Officials don't expect to raise the entire amount in Kuwait but do hope the gathering focuses greater international attention on the conflict.
"The fighting has set Syria back by years, even decades," U.N. Secretary-General Ban Ki-moon said at the start of the event at the lavish Bayan Palace in the Kuwaiti capital.
Ban said humanitarian and development agencies "face unprecedented demands" because of the crisis, and that it "is vital ... the burden be shared" in helping meet Syria's growing aid needs.
Kuwait's emir, Sheik Sabah Al Ahmad Al Sabah, opened the conference by pledging $500 million, significantly topping the OPEC member nation's pledge of $300 million last year.
He pressed the U.N. Security Council to exert greater effort in bringing an end to the crisis, and urged all those fighting in Syria to "put the fate of their country and the safety of their people above all other considerations."
Kuwait's Gulf neighbor Saudi Arabia promised an additional $60 million, saying that would boost its existing round of funding to a total $250 million, though it did not specify the time period.

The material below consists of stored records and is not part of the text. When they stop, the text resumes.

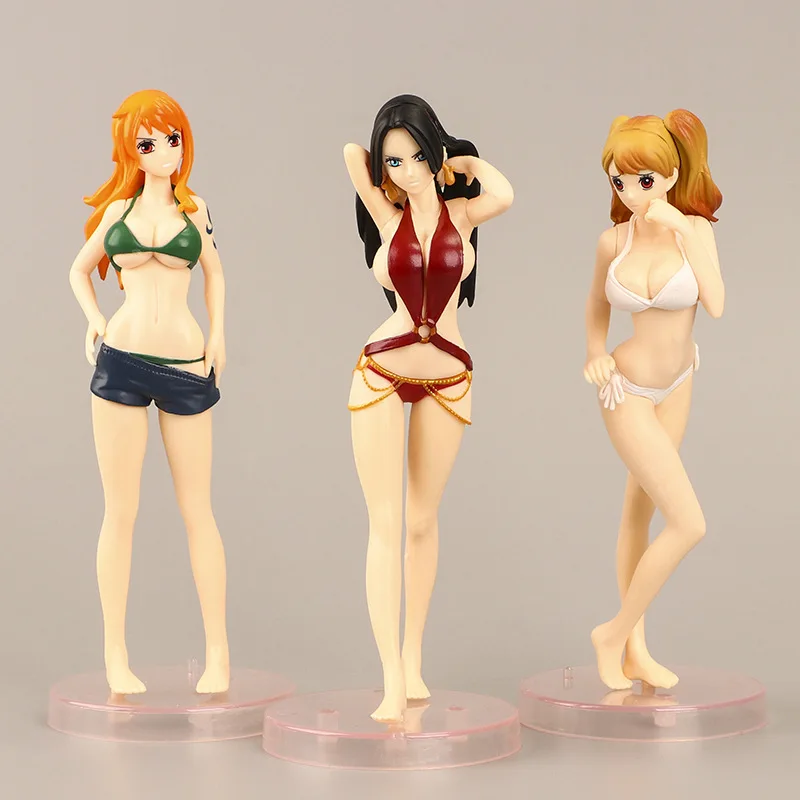 

Anime Sexy Figure One Piece Boa Hancock Nami Charlotte Pudding PVC Action Figure Statue Collectible Model Toys Doll 3pcs/set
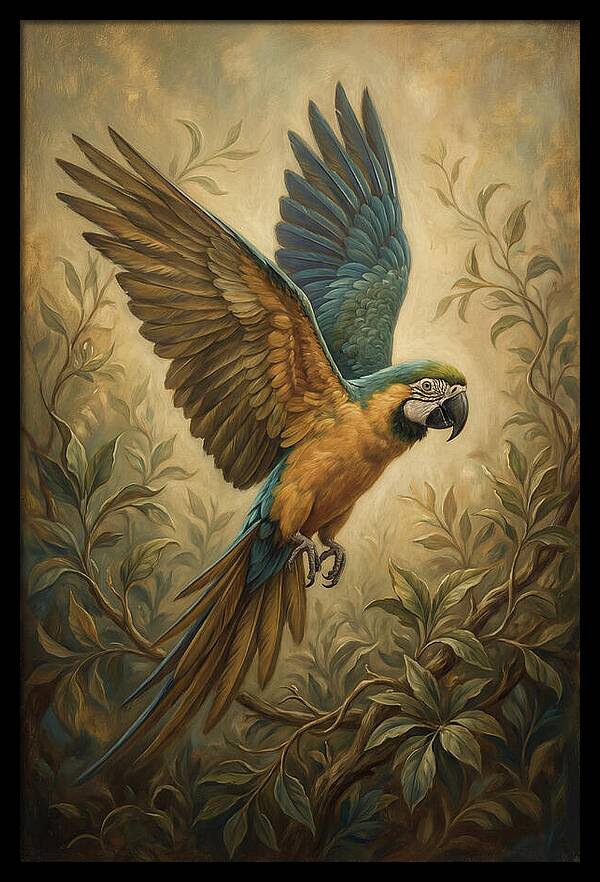 Parrot In Flight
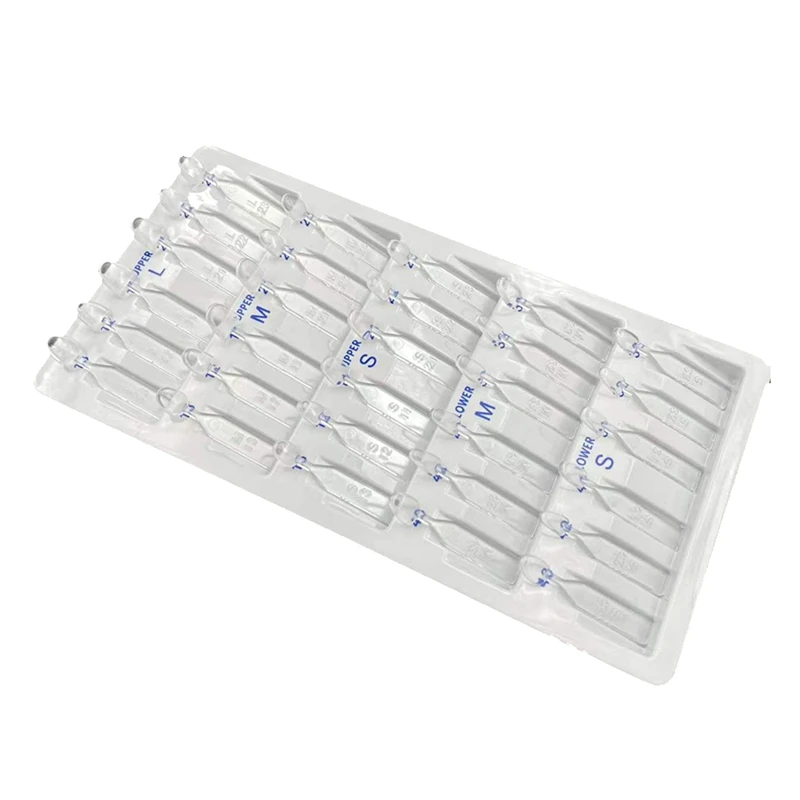 

30Pcs/Box Dental Veneer Mould Resin Light Cure Orthodontic Anterior Front Teeth Fast Quick Small Large Dentist E1YD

It promised $300 million at last year's conference.
Nearby Qatar also promised $60 million Wednesday.
US Secretary of State John Kerry said the US pledge of $380 million will bring brings America's humanitarian aid contribution to Syrian victims to $1.7 billion since the war began. Half of the money – $177 million – will go to U.N. programs for victims still in Syria. The rest is for neighboring nations that have taken in an estimated 2.3 million refugees.
"We are under no illusion that our job, or any of our jobs here, are to just write a check," said Kerry, who blamed Syrian President Bashar Assad for starving his people and blocking international aid workers from providing aid in some of Syria's hardest-hit areas.
"The international community must use every tool at our disposal to draw the world's attention to these offenses," he said. "'They are not just offenses against conscience. They also are offenses against the laws of war."
The United Kingdom announced a pledge of 100 million pounds, or $164 million, with International Development Secretary Justine Greening saying that "the scale of suffering that this crisis has caused is hard to exaggerate."
Other donor countries included Norway, Luxembourg and even violence-wracked Iraq, which promised $13 million in aid.
More pledges were expected before the end of the conference later in the day.
Last year's donor conference in Kuwait raised more than $1.5 billion in humanitarian aid pledges, and officials are hoping to at least raise that much again this year. Much of last year's total came from Western-allied Gulf states.
Humanitarian needs have escalated dramatically since a similar donor conference in the oil-rich Gulf nation last January.
The United Nations warns that 9.3 million people inside Syria need assistance as the conflict grinds on, including some 6.5 million inside Syria who have been driven from their homes.
More than 2 million people have been uprooted from their homes, many scattered in refugee camps and informal settlements dotting neighboring Lebanon, Jordan, Turkey and Iraq.
The Kuwait meeting, chaired by Ban, takes place a week before peace talks on Syria are due to be held in Switzerland.
The U.N. chief on Tuesday visited a Syrian refugee camp in northern Iraq, where he praised the largely autonomous Kurdish regional government for hosting more than 200,000 refugees on territory it administers.